Something that I think even fewer people appreciate is that all the same things apply to mathematics (except for "V. Physical Education"). Or at least should apply if mathematics is taught properly. Mathematics certainly develops insight and demands research. It sheds light on history. It is a foreign language. It's sometimes said that mathematics is the language of the universe. But mathematics is also art. Doing mathematics is less like chipping away at rock to reveal a hidden fossil than it's like a musician composing a symphony out of nothing.
Full disclosure. I majored in mathematics. I remember one light bulb moment in class when I realized that a theorem I was studying in a geometry class was, in fact, the same theorem I had earlier studied in an algebra class. The difference was all in the language used in geometry vs algebra, but the underlying theorem was the same in both cases. It was like studying two abstract paintings and suddenly realizing the two artists were each painting the same subject.

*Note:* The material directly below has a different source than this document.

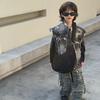 Color Solid Fashionable Sling Bag For Boys And Girls Perfect For Kindergarten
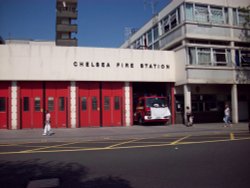 Chelsea Fire Station Wallpaper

Another light bulb moment came when I was introduced to non-Euclidean geometry. The ancient Greeks felt that Euclid's postulates were a rigorous definition of how the real world is (e.g. that for any given line and a point not on that line, there is exactly one line in that plane that goes through the point and does not intersect the first line). Two millennia later, Einstein theorized that the real world isn't Euclidean at all (e.g., straight lines "curve"). That insight upset two thousand years of scientific history and has made all the difference in our modern world. But the mathematicians who invented non-Euclidean geometry (invented, not discovered) beat Einstein to the math, even though they didn't apply it to nature like Einstein did.
Let us teach music. Let us teach mathematics. Let us teach both, both for their practical benefits and for their beauty.